Positioning in CSS can be challenging for developers. For example, the frustrations that arise when elements are not properly positioned as intended. Some senior developers are not left out in this frustration as some of them also struggle with properly positioning elements.

However, Tailwind CSS has introduced some utilities for controlling how an element is positioned in the DOM (Document Object Modal).

In this article, I will walk you through the Tailwind CSS position utility classes, and how to use them. You’ll also learn how to manipulate and control the stacking, alignment, and positioning of elements in your websites. By understanding the fundamentals of positioning with Tailwind CSS, you will discover that positioning elements with Tailwind are less tasking and more interesting to work with.

Let’s dive right in 🚀

Introduction to Tailwind CSS Position Utility Class

Tailwind CSS position utilities control how and where elements or items are placed on your web page or DOM. Just as the name implies, they are generally used in positioning or moving an element from one place to another.

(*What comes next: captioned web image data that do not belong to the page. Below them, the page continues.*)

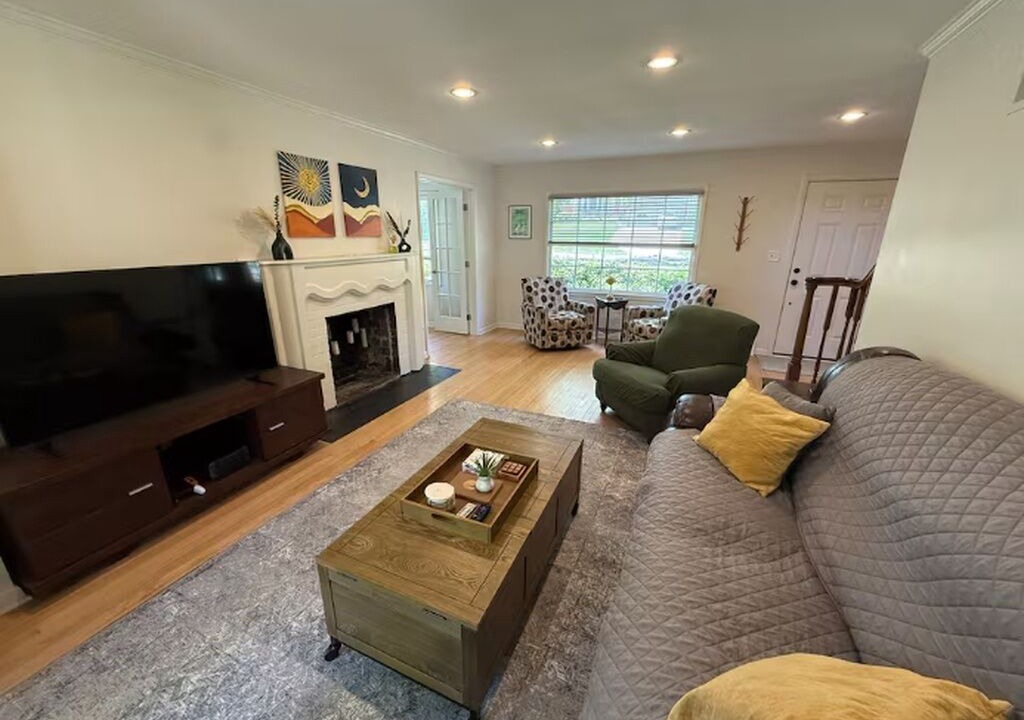Photo of Livingroom in South Kansas City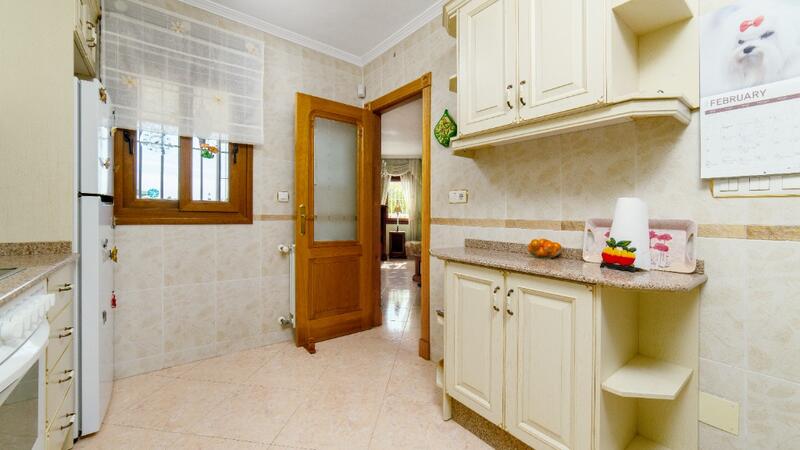 2 Schlafzimmer Villa zu verkaufen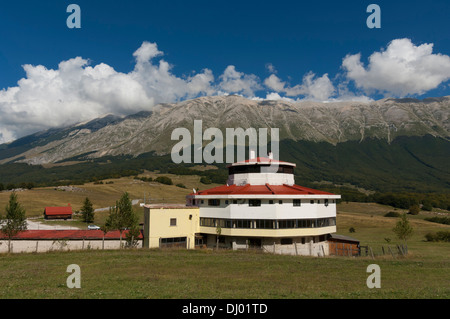 Vista panoramica del ristorante Celidonio Hotel a San Leonardo Pass, Majella sullo sfondo, Pacentro. Foto Stock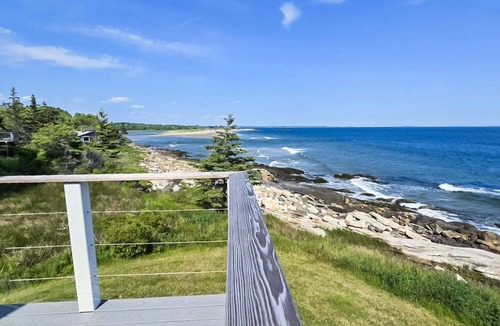 Georgetown Cottage | Your Tranquil Indian Point Retreat with Breathtaking Views & Beach Access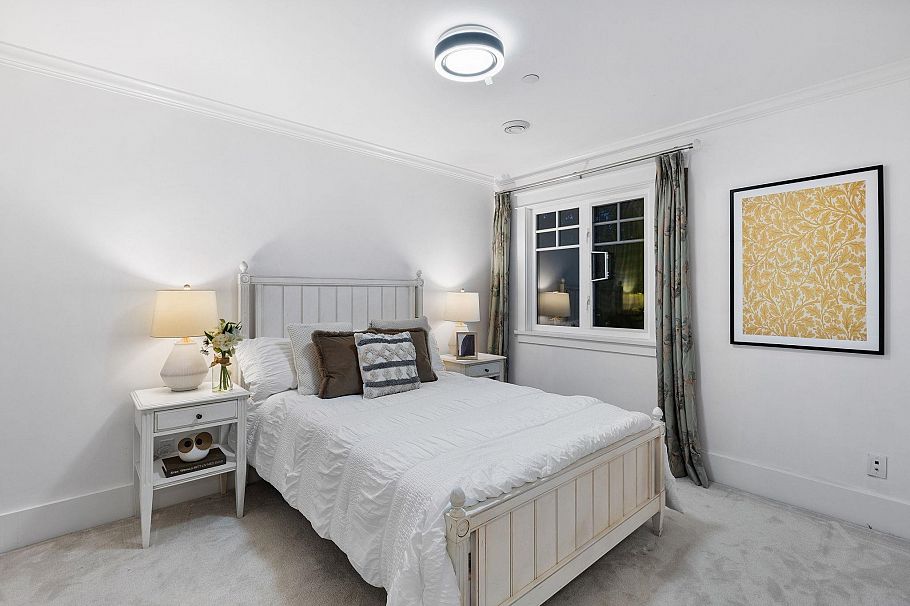 3895 W 23rd Avenue Vancouver, BC - 31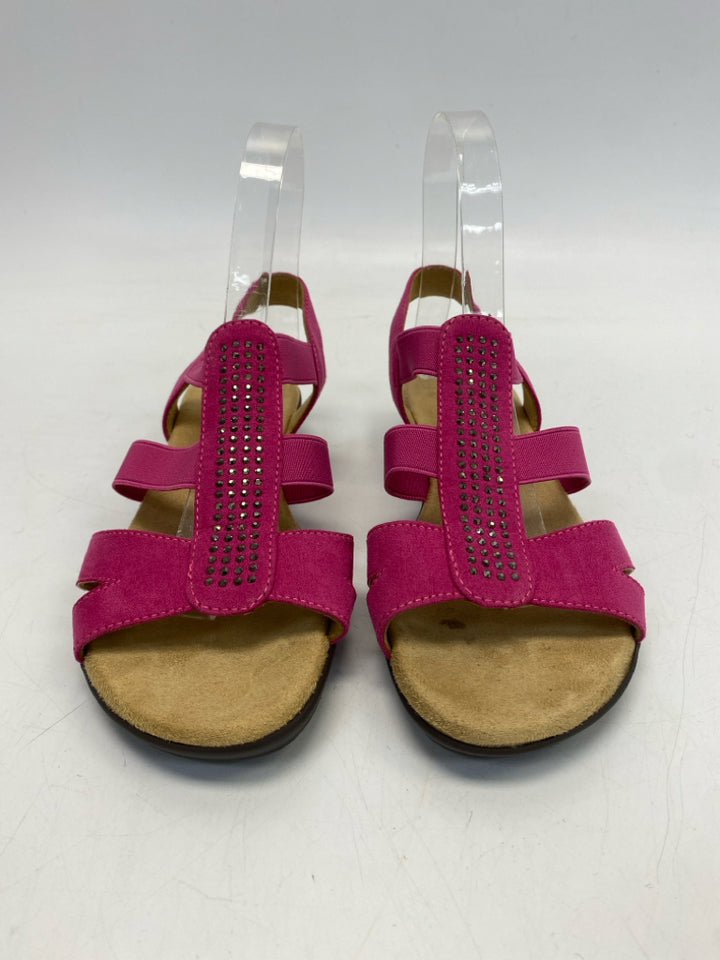 NWOT  Size 6 Magenta Rhinestone(s) Sandals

Tailwind CSS also has five positional properties which can be used in positioning an element. These utilities are:

  • static: Statically positioning elements

  • relative: Relatively positioning elements

  • absolute: Absolutely positioning elements

  • fixed: Fixed positioning elements

  • sticky: Sticky positioning elements

I will walk you through the positional property of Tailwind CSS and also in DOM element positioning.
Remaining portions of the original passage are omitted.